開けない未読のLINEがある。
メッセージをくれた相手はとても良い人なのだが、つい最近行き違いがあった為、読むのを保留にしていた。
いい加減逃げているのも良くないだろう。
勇気を出して、アイコンをタップする。
開いてみると、何やら物騒な字面が並んでいる。
思わず心臓がヒヤリとし、怖さのあまり反射的にLINEを閉じようと思ったが、思い直した。
メッセージをくれるには、何か理由がある。
時間を割いてまで言葉を紡いでくれたのだ。
全文読んで傷ついたとしても、それすらも学びとすれば良い。
覚悟を決め、メッセージと向き合う。
メッセージの中に内在する「冷ややかな印象の言葉」を受け止める度に、身が切られていくような感覚がする。

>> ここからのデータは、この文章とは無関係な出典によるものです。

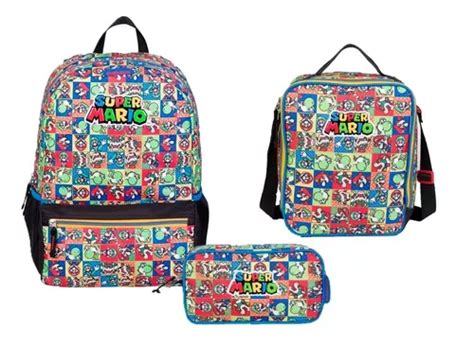 Kit Mochila Grande Lonchera Y Lapicera Mario Bros Chenson En Venta En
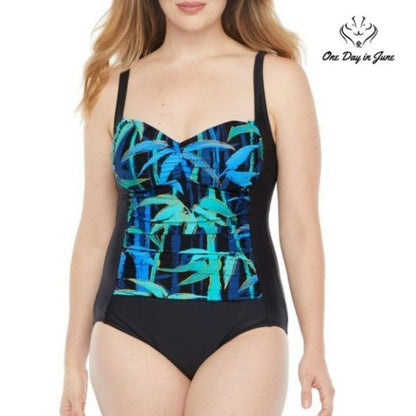 Azul by Maxine of Hollywood Leaf One Piece Size 14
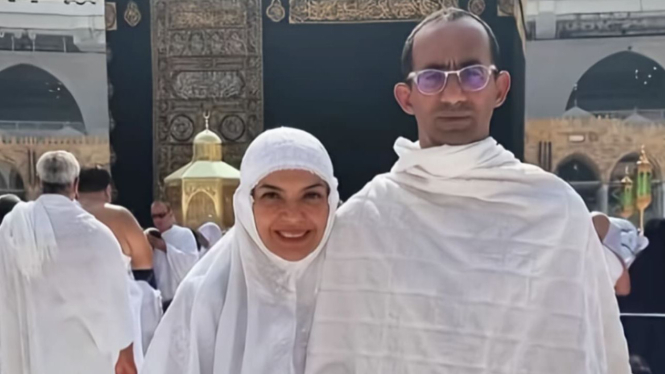 Najwa Shihab bersama sang suami, Ibrahim Sjarief Assegaf.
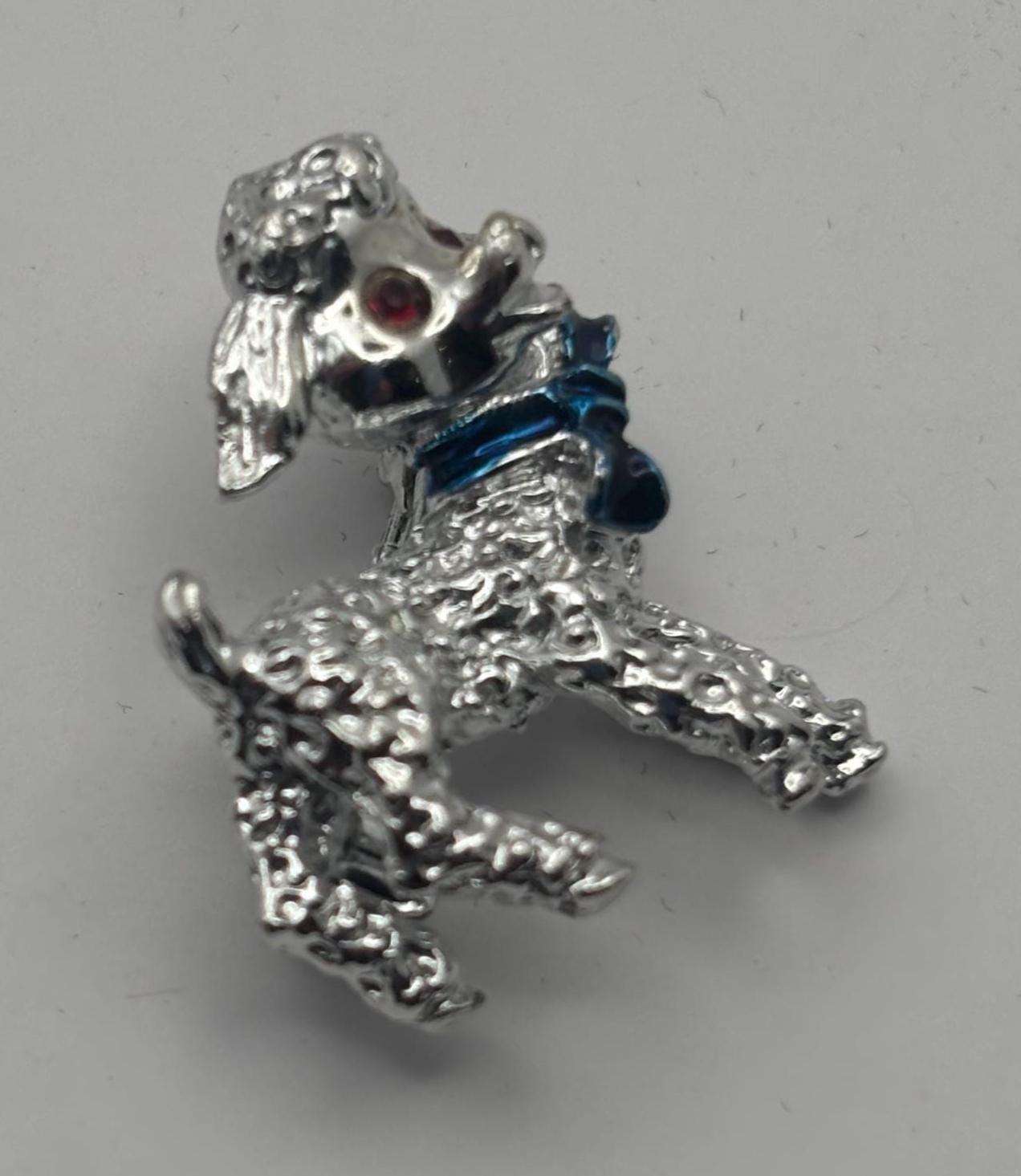 Silver Lamb Pin with Red Rhinestone Eyes and Blue Bow, Little Lambie Pin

それらを反省材料として拾い上げ、言葉の中を縫うように進んでいくと、胸の奥に温かみのようなものが広がっていった。
不思議だ。
相手のことを100%理解している訳では無い。
それでも、これまでの経験から相手の事を優しい人であると、心は信じて疑わない。
そのせいなのか、言葉の奥に優しさを見つけ出してしまう。
メッセージをくれた相手の思いすらも──。
感じたことは、幻かもしれない。
第三者から見て、この感覚は愚かな事であるかもしれない。
それでも──
構わない。
返信をタップし、キーボードに向かって指を滑らせる。
打つ言葉は決まっている。
「ありがとう」
開けなかったLINEの先には、人を信じる道が続いている。
それは勇気を伴う事だが、自分で決めた事と思えば後悔することもない。
間違えたならば、学びにすれば良い。
自身が体験する物事は、自分のためになるのだから。